I have no advice to give, just know that sometimes when you see siblings including each other, it's because there have been many, many, many threats involved. At least, that's how it was for my best friend in grade school. It was "Take your little brother out to play with you OR ELSE." We only half tried to include him, and only when we knew someone was watching.

JennyH said...

Well Max is the oldest sibling in our house. Sam will have a girl from up the street over a lot and sometimes Max tries to join. Most the time he just picks on them or yells at them. He does this b/c the girls give such a dramatic reaction. I have seen Max play with them some. People we see at school or elsewhere try to include Max but there are limitations. He doesn't talk and he may not understand the rules of a certain game.

Just at home though I say they play some but Max likes to provoke them A LOT!
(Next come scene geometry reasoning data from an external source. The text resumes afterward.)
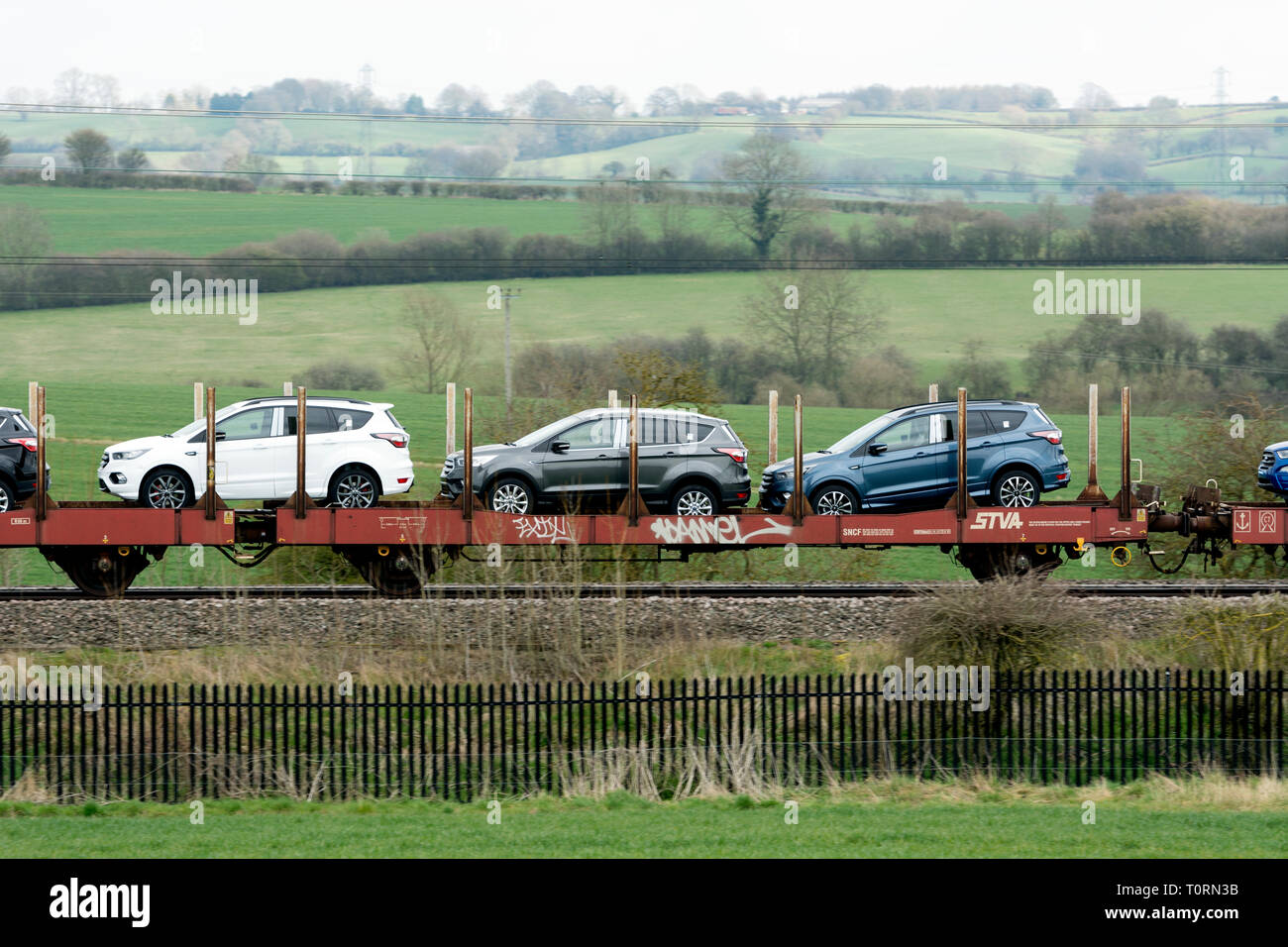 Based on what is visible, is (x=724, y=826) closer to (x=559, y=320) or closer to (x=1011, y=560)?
(x=1011, y=560)

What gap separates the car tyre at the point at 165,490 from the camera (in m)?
17.3

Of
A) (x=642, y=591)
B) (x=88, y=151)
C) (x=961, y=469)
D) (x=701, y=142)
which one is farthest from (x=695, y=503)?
(x=701, y=142)

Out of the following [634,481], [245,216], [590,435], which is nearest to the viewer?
[634,481]

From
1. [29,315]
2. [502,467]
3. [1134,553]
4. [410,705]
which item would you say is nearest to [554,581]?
[502,467]

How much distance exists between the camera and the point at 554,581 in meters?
17.0

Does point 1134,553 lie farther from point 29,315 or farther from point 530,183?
point 530,183

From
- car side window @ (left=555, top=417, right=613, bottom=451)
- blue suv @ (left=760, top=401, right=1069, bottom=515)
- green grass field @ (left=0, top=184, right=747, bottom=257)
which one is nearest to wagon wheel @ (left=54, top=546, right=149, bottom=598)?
car side window @ (left=555, top=417, right=613, bottom=451)

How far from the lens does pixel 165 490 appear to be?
682 inches

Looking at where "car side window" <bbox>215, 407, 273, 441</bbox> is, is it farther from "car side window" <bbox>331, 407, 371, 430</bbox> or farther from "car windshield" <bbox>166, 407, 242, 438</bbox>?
"car side window" <bbox>331, 407, 371, 430</bbox>

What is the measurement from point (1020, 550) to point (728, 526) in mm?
3991

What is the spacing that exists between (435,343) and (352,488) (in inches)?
1370

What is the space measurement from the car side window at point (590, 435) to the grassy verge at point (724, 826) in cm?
596

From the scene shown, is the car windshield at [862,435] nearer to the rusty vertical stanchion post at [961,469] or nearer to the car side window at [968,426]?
the car side window at [968,426]

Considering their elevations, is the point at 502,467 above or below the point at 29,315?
below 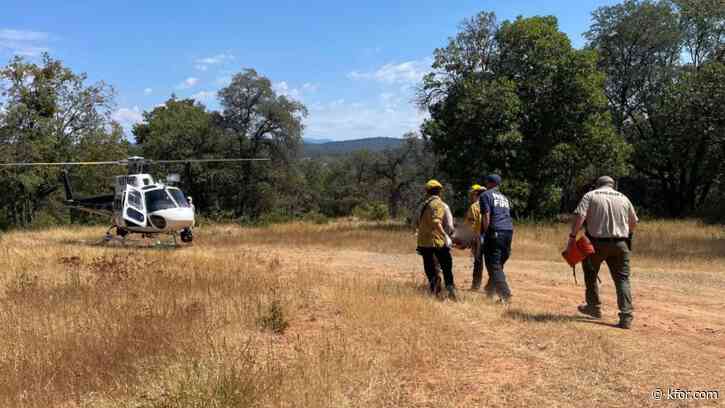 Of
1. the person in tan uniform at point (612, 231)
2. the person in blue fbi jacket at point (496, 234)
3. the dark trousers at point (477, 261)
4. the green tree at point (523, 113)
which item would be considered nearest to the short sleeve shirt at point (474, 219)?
the dark trousers at point (477, 261)

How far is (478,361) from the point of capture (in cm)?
518

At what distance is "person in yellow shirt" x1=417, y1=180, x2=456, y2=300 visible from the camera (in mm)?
7637

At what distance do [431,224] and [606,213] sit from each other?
2.28 m

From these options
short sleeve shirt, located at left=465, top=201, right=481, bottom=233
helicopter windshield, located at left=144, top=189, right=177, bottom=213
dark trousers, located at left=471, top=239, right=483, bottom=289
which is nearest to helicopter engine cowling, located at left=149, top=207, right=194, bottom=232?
helicopter windshield, located at left=144, top=189, right=177, bottom=213

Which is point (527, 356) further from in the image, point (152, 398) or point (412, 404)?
point (152, 398)

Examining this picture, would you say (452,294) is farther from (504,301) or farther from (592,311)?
(592,311)

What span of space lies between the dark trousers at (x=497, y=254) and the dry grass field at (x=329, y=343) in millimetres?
361

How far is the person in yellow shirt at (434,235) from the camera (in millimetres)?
7637

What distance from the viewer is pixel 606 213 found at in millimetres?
6441

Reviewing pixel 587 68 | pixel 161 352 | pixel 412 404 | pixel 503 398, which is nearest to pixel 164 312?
pixel 161 352

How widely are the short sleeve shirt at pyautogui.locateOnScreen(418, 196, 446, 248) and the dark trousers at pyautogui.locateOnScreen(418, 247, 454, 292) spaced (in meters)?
0.11

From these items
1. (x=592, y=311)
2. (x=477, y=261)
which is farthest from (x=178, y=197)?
(x=592, y=311)

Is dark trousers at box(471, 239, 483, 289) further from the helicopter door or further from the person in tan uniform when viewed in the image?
the helicopter door

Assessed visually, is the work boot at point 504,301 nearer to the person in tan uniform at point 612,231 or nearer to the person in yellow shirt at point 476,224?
the person in yellow shirt at point 476,224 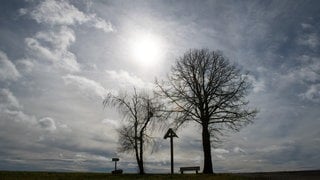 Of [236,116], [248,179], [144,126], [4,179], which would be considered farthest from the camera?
[144,126]

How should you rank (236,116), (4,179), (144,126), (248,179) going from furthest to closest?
1. (144,126)
2. (236,116)
3. (4,179)
4. (248,179)

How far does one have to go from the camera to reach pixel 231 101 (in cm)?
3394

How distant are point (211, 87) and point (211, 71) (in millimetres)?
1649

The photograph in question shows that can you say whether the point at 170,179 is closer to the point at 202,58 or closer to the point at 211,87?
the point at 211,87

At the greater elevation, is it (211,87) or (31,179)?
(211,87)

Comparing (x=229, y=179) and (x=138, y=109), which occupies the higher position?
(x=138, y=109)

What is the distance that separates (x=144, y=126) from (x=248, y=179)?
16.0 meters

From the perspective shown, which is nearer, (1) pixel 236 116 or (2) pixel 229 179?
(2) pixel 229 179

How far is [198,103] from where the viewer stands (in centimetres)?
3453

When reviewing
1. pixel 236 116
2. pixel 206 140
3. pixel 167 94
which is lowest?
pixel 206 140

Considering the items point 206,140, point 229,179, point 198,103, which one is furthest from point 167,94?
point 229,179

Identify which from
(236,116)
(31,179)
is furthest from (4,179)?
(236,116)

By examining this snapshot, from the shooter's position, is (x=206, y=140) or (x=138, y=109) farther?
(x=138, y=109)

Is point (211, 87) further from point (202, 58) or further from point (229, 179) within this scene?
point (229, 179) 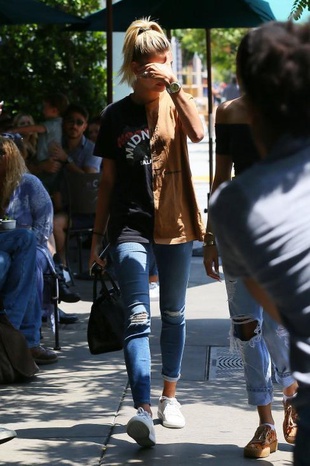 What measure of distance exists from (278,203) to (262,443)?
2653 millimetres

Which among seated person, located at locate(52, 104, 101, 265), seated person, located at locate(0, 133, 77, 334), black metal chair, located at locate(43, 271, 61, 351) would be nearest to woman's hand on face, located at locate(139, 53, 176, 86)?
seated person, located at locate(0, 133, 77, 334)

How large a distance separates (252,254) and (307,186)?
20 centimetres

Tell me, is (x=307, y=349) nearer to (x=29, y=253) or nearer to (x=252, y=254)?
(x=252, y=254)

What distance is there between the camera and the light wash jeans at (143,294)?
507 centimetres

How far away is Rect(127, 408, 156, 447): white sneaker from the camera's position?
4969mm

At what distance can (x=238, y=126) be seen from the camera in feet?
15.7

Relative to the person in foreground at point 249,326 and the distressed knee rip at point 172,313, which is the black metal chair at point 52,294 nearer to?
the distressed knee rip at point 172,313

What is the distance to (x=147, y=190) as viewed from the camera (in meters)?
5.21

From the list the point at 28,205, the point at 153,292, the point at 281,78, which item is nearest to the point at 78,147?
the point at 153,292

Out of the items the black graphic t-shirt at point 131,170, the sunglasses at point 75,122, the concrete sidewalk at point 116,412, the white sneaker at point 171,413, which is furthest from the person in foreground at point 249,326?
the sunglasses at point 75,122

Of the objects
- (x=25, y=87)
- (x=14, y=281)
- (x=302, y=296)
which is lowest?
(x=14, y=281)

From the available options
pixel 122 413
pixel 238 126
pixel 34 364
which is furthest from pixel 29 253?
pixel 238 126

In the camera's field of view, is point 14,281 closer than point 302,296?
No

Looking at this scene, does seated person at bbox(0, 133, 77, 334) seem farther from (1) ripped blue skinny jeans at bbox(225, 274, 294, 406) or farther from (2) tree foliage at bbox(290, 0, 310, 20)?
(1) ripped blue skinny jeans at bbox(225, 274, 294, 406)
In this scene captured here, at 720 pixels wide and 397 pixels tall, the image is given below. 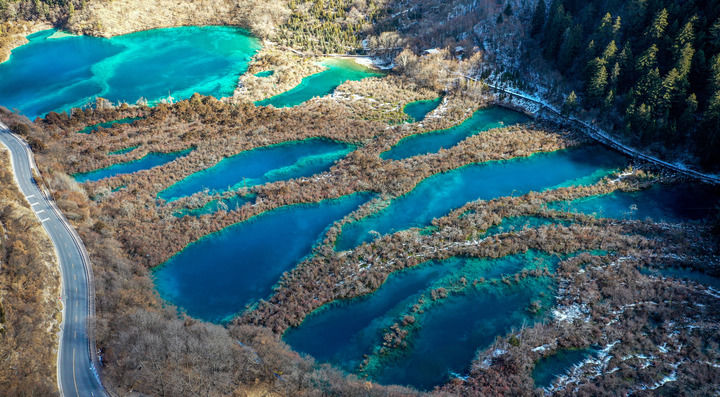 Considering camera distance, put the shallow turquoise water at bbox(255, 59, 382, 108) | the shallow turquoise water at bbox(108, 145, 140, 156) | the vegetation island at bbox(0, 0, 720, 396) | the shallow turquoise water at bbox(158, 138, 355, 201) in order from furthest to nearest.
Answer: the shallow turquoise water at bbox(255, 59, 382, 108)
the shallow turquoise water at bbox(108, 145, 140, 156)
the shallow turquoise water at bbox(158, 138, 355, 201)
the vegetation island at bbox(0, 0, 720, 396)

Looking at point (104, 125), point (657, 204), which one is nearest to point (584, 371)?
point (657, 204)

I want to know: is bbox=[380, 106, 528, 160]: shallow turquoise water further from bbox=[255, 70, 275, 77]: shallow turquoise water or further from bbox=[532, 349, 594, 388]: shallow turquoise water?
bbox=[255, 70, 275, 77]: shallow turquoise water

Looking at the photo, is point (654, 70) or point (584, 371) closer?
point (584, 371)

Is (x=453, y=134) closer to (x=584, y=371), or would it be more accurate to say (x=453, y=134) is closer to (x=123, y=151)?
(x=584, y=371)

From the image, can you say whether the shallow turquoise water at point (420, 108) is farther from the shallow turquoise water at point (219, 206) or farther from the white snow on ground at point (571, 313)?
the white snow on ground at point (571, 313)

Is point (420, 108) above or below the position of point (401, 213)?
above

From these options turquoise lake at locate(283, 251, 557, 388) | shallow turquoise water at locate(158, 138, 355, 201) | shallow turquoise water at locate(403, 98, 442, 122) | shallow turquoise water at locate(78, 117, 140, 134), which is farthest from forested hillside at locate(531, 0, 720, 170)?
shallow turquoise water at locate(78, 117, 140, 134)

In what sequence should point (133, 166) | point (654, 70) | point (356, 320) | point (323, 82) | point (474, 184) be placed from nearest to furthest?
point (356, 320)
point (474, 184)
point (654, 70)
point (133, 166)
point (323, 82) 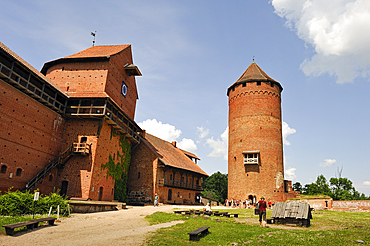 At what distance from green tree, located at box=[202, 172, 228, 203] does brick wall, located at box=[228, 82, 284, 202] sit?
120 ft

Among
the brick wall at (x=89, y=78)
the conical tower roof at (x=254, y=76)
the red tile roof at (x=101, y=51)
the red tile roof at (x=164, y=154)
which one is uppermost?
the conical tower roof at (x=254, y=76)

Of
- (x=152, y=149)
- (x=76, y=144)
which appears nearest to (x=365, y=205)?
(x=152, y=149)

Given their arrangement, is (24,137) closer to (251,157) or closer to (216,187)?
(251,157)

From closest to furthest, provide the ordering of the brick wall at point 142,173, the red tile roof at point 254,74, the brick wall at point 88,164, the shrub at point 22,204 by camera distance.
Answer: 1. the shrub at point 22,204
2. the brick wall at point 88,164
3. the brick wall at point 142,173
4. the red tile roof at point 254,74

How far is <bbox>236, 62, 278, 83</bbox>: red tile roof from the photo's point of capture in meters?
42.4

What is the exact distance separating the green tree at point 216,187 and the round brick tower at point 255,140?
120ft

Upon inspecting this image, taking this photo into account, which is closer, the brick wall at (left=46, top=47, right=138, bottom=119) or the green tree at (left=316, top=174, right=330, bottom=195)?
the brick wall at (left=46, top=47, right=138, bottom=119)

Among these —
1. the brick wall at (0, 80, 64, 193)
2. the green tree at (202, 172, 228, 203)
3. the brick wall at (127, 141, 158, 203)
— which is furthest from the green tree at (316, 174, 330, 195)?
the brick wall at (0, 80, 64, 193)

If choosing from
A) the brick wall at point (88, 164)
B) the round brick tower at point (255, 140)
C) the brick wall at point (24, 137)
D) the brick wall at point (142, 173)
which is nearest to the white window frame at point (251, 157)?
the round brick tower at point (255, 140)

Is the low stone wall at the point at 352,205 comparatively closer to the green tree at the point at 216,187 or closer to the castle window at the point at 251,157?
the castle window at the point at 251,157

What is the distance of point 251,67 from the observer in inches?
1789

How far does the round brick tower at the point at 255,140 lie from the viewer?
37875 millimetres

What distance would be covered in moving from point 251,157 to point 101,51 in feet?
82.4

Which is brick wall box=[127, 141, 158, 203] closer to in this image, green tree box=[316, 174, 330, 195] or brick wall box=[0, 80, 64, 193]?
brick wall box=[0, 80, 64, 193] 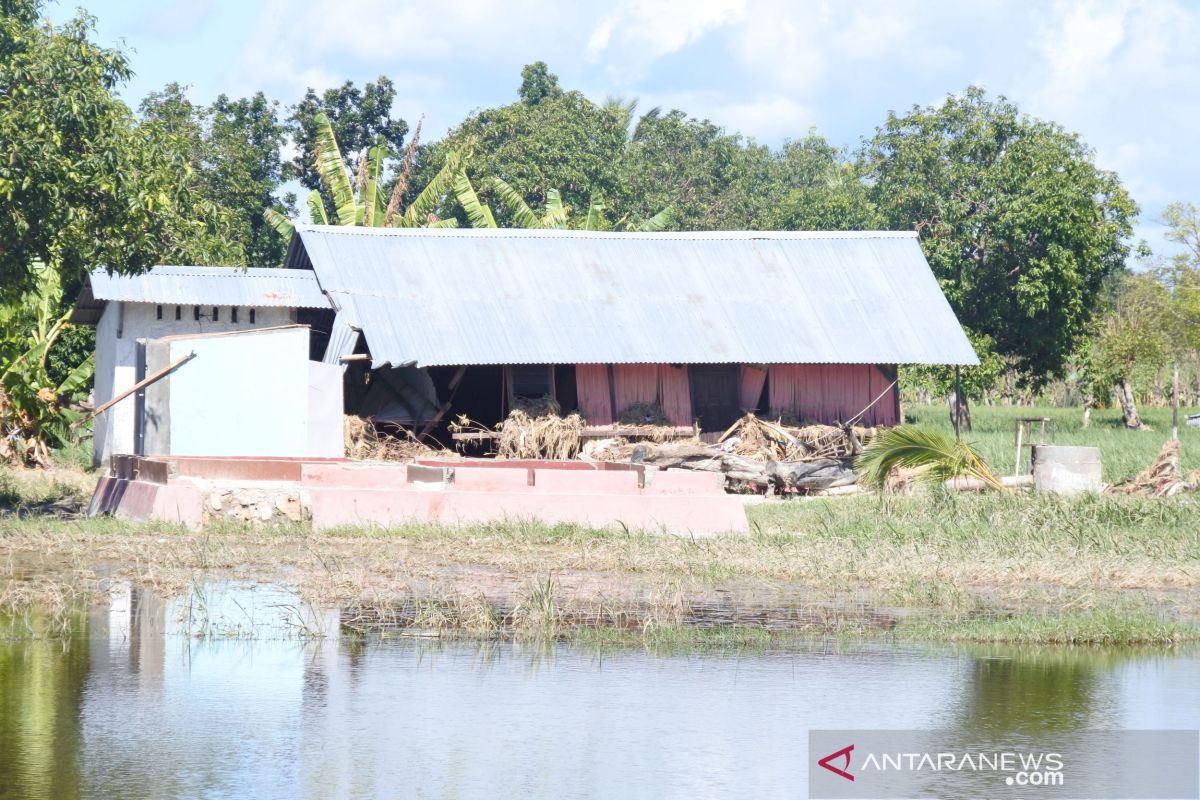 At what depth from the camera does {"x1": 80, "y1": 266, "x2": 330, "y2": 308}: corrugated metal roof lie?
23.7m

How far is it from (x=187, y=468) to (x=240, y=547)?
2.86 m

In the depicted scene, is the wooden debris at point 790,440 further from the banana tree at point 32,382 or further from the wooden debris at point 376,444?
the banana tree at point 32,382

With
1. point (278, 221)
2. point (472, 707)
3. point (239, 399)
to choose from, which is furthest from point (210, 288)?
point (472, 707)

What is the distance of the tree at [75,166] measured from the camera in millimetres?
14578

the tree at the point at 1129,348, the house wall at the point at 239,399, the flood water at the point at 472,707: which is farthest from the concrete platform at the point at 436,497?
the tree at the point at 1129,348

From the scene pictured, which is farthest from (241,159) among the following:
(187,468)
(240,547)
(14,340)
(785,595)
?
(785,595)

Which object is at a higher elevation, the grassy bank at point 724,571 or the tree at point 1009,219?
the tree at point 1009,219

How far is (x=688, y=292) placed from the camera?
84.5 feet

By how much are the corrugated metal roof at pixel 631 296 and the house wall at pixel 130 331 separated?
1558mm

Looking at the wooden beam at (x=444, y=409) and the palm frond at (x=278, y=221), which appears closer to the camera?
the wooden beam at (x=444, y=409)

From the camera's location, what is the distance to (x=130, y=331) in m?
24.2

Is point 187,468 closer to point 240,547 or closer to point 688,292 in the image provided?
point 240,547

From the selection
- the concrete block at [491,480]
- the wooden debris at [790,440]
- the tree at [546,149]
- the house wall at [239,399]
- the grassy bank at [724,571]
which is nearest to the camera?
the grassy bank at [724,571]

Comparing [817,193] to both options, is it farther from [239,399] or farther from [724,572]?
[724,572] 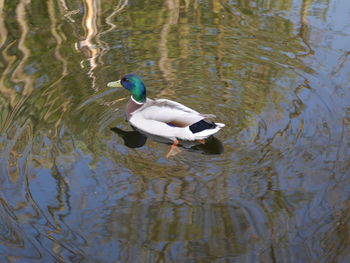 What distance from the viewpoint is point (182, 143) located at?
5875mm

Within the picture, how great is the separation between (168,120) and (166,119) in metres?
0.03

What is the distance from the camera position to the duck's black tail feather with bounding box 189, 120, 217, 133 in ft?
18.5

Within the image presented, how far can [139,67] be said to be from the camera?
7.16 m

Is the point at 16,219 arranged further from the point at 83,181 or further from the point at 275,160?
the point at 275,160

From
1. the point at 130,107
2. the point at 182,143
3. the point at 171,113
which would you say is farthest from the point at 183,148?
the point at 130,107

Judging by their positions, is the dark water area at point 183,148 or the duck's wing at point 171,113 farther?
the duck's wing at point 171,113

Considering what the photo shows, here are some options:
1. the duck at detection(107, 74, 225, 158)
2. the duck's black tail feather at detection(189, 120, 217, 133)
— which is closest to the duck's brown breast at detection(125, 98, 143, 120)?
the duck at detection(107, 74, 225, 158)

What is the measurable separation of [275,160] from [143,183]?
130 cm

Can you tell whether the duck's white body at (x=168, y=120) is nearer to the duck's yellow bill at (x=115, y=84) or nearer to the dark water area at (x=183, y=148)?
the dark water area at (x=183, y=148)

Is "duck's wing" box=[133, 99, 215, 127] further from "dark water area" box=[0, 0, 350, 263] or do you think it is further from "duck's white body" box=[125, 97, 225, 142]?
"dark water area" box=[0, 0, 350, 263]

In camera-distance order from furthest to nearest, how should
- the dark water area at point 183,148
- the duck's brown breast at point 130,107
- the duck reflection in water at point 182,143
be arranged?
the duck's brown breast at point 130,107
the duck reflection in water at point 182,143
the dark water area at point 183,148

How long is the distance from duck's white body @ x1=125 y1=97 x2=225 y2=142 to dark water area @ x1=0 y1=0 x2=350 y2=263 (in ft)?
0.48

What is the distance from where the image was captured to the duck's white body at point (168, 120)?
5664 millimetres

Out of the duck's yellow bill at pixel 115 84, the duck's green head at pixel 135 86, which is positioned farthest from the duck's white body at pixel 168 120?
the duck's yellow bill at pixel 115 84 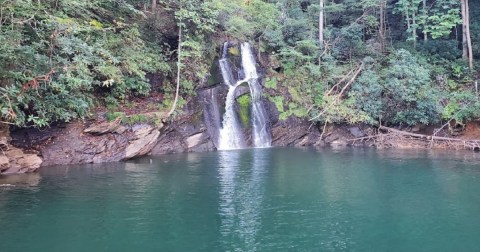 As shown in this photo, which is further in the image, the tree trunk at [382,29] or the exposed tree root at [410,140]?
the tree trunk at [382,29]

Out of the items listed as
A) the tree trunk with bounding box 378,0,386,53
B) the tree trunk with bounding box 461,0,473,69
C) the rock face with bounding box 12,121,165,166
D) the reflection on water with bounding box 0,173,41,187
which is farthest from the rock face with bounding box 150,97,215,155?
the tree trunk with bounding box 461,0,473,69

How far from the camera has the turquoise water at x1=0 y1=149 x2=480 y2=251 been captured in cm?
879

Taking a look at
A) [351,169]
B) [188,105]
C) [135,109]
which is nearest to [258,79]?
[188,105]

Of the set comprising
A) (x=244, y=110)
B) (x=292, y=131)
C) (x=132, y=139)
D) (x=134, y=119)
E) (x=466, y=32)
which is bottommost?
(x=132, y=139)


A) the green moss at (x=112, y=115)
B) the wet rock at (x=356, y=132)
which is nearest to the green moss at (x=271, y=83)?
the wet rock at (x=356, y=132)

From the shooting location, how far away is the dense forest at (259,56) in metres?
15.9

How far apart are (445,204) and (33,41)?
1598cm

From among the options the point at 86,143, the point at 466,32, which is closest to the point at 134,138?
the point at 86,143

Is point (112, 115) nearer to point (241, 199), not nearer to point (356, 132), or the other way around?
point (241, 199)

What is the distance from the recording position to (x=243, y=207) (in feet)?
37.6

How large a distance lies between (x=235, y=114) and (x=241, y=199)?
13153 mm

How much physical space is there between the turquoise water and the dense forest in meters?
4.14

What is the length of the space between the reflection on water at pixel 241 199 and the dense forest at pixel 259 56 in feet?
20.2

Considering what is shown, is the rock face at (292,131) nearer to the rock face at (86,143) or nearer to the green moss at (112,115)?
the rock face at (86,143)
I like Chris's idea in your comment area.

AZ Chapman said...

hmm I have similar problems now with kids Let me think on it and I might be able to help

Carol VR said...

I did both your long and short survey and couldn't find any other means to let you know I'd done them.

heather said...

We have the same problem at our home. Morgan is 6 and her sister is 18 months older and doesn't play with her. And when the older sis has friends over(some are the same age as Morgan) they leave her out because "she will just push all the barbies down and ruin what we are doing". It is hard for me. She is too aggressive to play with children that are younger but not socially mature enough to play with children that are her age. It is something I really struggle with, especially with the kids that leave her out at church and school. I took her swimming recently and a girl (probably a few years younger) went out of her way to play with Morgan and it made me realize how rarely that happens and how happy it made Morgan to have someone pay attention to her. You will have to do a follow up post if you get some good ideas that work.

Jeanette said...

I wish that I had words of wisdom here, but we are looking for answers too. Syd is two and only signs and is not yet walking. Kids her age treat her like a baby and try to pick her up and even pat her on the head. Sigh!

lonestar said...

That's a tough one. So far Bitty doesn't care much about being included but I'm sure it's just a matter of time. We have noticed some of the neighborhood kids treating him like a baby b/c of his speech delays, it really caught my attention when I saw a little girl *younger* than him doing that :(. She was really nice to him, don't get me wrong, but clearly thought of him as a "baby."

Our older boys do pretty good with including him as long as they're playing with toys. When the video games come out, he's on his own (but as I said, he doesn't really seem to care at this point).

We've had more issues w/ inclusion with one of our twins. They both have social delays but one a little more so, and he tends to be easily upset and start screaming when other kids don't play by the "rules." If the other kids get too "pretend-y" or make the rules too complex, he has a hard time.

I don't really have any answers. How old is Diva? Maybe (outside of the actual play situation when her friend isn't there) since she has an older sister too, remind her about times when she too wanted to be included, and ask if she has any ideas to help Peanut feel included next time?

Kerrie McLoughlin said...

your baby girl is so cute i want to eat her with a spoon!

Anonymous said...

I teach and so this was a school solution. One of my cuties was going out with less interaction by peers than was wanted. I set her up. (Recess was outdoor equipment, but nothing else.) I sent our little one out with sidewalk chalk, which could only be used right there with her. Other times, 3-4 little bottles of bubbles, with the same restriction. Balls to play, another time. Once they associated her with great things, they spent enough time with her to get to know how fabulous she really is.
Elise

Debbie Yost said...

Thanks Elise. Those are great ideas!